Docker without Docker

Author

Name: Thomas Ptacek
@tqbf: @tqbf

We’re Fly.io. We take container images and run them on our hardware around the world. It’s pretty neat, and you should check it out; with an already-working Docker container, you can be up and running on Fly in well under 10 minutes.

Even though most of our users deliver software to us as Docker containers, we don’t use Docker to run them. Docker is great, but we’re high-density multitenant, and despite strides, Docker’s isolation isn’t strong enough for that. So, instead, we transmogrify container images into Firecracker micro-VMs.

Let’s demystify that.

What’s An OCI Image?

They do their best to make it look a lot more complicated, but OCI images — OCI is the standardized container format used by Docker — are pretty simple. An OCI image is just a stack of tarballs.

Backing up: most people build images from Dockerfiles. A useful way to look at a Dockerfile is as a series of shell commands, each generating a tarball; we call these “layers”. To rehydrate a container from its image, we just start the the first layer and unpack one on top of the next.
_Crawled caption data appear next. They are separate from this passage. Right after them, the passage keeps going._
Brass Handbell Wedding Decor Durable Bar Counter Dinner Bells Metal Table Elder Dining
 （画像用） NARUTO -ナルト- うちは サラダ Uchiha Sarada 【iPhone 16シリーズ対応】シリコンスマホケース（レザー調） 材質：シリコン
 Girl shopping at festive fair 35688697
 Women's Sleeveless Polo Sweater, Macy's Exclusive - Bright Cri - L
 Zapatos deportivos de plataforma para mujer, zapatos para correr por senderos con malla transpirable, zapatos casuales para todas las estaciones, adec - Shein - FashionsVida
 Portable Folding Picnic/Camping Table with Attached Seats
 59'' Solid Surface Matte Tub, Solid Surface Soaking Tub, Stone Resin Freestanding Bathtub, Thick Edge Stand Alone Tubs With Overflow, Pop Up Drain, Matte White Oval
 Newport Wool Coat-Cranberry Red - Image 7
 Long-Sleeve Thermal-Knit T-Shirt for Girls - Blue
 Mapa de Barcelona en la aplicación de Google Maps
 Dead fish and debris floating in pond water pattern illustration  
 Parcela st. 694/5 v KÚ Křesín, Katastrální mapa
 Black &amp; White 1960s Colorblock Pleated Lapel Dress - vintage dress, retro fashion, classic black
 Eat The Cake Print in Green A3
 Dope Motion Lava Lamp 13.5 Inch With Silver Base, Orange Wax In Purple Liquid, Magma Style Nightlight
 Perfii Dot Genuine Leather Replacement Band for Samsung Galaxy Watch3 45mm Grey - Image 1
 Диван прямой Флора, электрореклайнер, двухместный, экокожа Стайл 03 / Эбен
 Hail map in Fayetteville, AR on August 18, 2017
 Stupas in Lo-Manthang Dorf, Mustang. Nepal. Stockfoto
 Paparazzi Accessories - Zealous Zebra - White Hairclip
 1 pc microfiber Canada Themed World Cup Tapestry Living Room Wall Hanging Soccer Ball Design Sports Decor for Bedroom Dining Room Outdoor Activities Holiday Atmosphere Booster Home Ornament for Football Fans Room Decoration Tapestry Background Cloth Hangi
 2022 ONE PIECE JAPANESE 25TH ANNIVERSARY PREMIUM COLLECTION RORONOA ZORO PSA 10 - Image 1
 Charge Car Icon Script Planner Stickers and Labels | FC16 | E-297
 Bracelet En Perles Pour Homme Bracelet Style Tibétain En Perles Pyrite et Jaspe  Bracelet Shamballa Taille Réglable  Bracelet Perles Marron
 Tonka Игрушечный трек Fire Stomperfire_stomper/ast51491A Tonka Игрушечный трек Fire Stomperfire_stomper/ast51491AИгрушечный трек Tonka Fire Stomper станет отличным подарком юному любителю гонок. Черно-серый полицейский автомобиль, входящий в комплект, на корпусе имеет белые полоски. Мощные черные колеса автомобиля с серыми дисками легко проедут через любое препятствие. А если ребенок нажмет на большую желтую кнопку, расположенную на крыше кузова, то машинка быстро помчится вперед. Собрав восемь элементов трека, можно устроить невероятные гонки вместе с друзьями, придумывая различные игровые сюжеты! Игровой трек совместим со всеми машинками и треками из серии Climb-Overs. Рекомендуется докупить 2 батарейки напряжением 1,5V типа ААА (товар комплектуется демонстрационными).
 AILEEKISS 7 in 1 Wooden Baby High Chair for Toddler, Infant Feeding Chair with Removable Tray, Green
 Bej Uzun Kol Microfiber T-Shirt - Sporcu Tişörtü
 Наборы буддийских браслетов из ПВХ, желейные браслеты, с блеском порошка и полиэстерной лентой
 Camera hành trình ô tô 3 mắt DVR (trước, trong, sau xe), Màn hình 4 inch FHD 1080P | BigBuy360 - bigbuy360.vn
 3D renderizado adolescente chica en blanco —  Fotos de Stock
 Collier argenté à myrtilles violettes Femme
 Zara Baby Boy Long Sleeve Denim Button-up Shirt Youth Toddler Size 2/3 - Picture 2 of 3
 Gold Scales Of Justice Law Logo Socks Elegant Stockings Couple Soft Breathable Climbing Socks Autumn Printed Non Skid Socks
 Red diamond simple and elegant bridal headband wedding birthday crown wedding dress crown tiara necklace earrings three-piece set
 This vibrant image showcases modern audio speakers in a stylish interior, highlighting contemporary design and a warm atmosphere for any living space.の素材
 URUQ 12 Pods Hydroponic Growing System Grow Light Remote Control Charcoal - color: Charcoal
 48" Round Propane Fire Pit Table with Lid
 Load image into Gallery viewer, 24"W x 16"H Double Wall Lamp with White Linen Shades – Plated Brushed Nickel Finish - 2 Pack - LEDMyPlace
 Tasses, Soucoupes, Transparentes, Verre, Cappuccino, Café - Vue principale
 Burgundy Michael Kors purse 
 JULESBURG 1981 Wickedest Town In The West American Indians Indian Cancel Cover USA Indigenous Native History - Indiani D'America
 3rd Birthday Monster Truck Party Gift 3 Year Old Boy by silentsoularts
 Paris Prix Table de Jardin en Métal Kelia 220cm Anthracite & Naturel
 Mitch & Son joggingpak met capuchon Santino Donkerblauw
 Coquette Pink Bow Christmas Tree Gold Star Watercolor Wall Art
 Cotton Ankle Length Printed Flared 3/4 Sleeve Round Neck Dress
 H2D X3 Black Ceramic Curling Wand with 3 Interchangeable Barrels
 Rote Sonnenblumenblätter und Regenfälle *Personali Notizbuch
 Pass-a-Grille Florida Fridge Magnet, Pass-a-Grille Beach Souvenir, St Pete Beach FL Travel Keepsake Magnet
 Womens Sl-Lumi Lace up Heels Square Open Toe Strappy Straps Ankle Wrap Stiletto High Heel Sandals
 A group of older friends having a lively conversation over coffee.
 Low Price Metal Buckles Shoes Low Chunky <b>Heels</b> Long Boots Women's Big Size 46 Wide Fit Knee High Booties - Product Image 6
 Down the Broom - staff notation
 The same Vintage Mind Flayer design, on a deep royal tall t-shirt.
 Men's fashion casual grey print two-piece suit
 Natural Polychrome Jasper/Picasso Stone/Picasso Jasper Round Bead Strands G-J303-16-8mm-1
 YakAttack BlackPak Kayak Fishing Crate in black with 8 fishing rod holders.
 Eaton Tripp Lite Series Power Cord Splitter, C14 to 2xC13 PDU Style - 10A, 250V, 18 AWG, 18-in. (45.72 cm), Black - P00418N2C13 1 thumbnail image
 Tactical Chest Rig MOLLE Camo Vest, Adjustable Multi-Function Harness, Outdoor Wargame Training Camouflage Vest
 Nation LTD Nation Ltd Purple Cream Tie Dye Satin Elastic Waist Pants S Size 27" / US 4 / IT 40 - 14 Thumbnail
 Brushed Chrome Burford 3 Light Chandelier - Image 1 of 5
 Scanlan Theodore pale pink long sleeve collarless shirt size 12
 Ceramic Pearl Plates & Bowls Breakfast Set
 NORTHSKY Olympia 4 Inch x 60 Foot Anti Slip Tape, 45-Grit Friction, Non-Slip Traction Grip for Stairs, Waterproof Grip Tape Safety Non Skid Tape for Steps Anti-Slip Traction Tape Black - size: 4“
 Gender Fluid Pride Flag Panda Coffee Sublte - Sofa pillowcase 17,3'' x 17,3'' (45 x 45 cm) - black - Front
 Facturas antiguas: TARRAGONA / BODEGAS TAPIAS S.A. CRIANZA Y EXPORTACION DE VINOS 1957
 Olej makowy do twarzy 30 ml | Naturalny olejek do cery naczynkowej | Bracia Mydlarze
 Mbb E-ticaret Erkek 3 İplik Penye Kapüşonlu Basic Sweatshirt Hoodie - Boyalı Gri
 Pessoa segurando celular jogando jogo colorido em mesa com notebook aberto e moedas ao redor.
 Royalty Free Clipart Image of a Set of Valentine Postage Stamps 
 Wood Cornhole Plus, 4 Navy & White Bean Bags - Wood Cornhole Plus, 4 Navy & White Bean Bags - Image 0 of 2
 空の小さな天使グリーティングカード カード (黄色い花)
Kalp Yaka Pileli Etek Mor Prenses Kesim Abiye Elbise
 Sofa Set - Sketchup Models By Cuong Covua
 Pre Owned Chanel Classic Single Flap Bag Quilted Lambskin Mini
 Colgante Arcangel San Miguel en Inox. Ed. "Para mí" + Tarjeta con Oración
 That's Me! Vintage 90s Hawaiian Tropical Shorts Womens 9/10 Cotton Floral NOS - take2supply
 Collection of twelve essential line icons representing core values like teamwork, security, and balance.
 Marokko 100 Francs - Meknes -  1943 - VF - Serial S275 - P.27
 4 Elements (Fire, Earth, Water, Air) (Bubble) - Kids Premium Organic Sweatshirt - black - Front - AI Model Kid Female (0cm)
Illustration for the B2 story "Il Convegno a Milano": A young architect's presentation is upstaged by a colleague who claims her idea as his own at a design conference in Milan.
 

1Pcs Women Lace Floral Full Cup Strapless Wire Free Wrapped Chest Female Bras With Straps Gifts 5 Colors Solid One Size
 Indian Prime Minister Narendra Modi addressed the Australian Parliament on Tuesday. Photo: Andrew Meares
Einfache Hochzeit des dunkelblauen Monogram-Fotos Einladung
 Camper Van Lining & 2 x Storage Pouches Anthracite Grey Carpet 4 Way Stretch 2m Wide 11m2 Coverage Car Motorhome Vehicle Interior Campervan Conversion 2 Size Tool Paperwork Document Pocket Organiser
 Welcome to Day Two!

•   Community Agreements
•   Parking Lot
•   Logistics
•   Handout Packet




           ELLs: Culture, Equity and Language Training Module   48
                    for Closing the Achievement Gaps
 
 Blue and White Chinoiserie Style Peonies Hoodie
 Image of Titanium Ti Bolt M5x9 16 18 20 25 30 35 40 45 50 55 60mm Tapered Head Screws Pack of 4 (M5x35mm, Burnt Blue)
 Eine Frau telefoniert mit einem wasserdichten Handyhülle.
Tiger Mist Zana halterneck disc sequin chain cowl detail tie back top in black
You can write a shell script to pull a Docker container from its registry, and that might clarify. Start with some configuration; by default, we’ll grab the base image for golang:

    image="${1:-golang}"
registry_url='https://registry-1.docker.io'
auth_url='https://auth.docker.io'
svc_url='registry.docker.io'

  

We need to authenticate to pull public images from a Docker registry – this is boring but relevant to the next section – and that’s easy:

    function auth_token { 
  curl -fsSL "${auth_url}/token?service=${svc_url}&scope=repository:library/${image}:pull" | jq --raw-output .token
}

  

That token will allow us to grab the “manifest” for the container, which is a JSON index of the parts of a container.

    function manifest { 
  token="$1"
  image="$2"
  digest="${3:-latest}"

  curl -fsSL \
    -H "Authorization: Bearer $token" \
    -H 'Accept: application/vnd.docker.distribution.manifest.list.v2+json' \
    -H 'Accept: application/vnd.docker.distribution.manifest.v1+json' \
    -H 'Accept: application/vnd.docker.distribution.manifest.v2+json' \
      "${registry_url}/v2/library/${image}/manifests/${digest}"
}

  

The first query we make gives us the “manifest list”, which gives us pointers to images for each supported architecture:

      "manifests": [
    {
      "digest": "sha256:3fc96f3fc8a5566a07ac45759bad6381397f2f629bd9260ab0994ef0dc3b68ca",
      "platform": {
        "architecture": "amd64",
        "os": "linux"
      },
    },

  

Pull the digest out of the matching architecture entry and perform the same fetch again with it as an argument, and we get the manifest: JSON pointers to each of the layer tarballs:

       "config": {
      "digest": "sha256:0debfc3e0c9eb23d3fc83219afc614d85f0bc67cf21f2b3c0f21b24641e2bb06"
   },
   "layers": [
      {
         "digest": "sha256:004f1eed87df3f75f5e2a1a649fa7edd7f713d1300532fd0909bb39cd48437d7"
      },

  

It’s as easy to grab the actual data associated with these entries as you’d hope:

    function blob {
  token="$1"
  image="$2"
  digest="$3"
  file="$4"

  curl -fsSL -o "$file" \
      -H "Authorization: Bearer $token" \
        "${registry_url}/v2/library/${image}/blobs/${digest}"
}

  

And with those pieces in place, pulling an image is simply:

    function layers { 
  echo "$1" | jq --raw-output '.layers[].digest'
}

token=$(auth_token "$image")
amd64=$(linux_version $(manifest "$token" "$image"))
mf=$(manifest "$token" "$image" "$amd64")

i=0
for L in $(layers "$mf"); do
  blob "$token" "$image" "$L" "layer_${i}.tgz"
  i=$((i + 1 ))
done

  

Unpack the tarballs in order and you’ve got the filesystem layout the container expects to run in. Pull the “config” JSON and you’ve got the entrypoint to run for the container; you could, I guess, pull and run a Docker container with nothing but a shell script, which I’m probably the 1,000th person to point out. At any rate, here’s the whole thing.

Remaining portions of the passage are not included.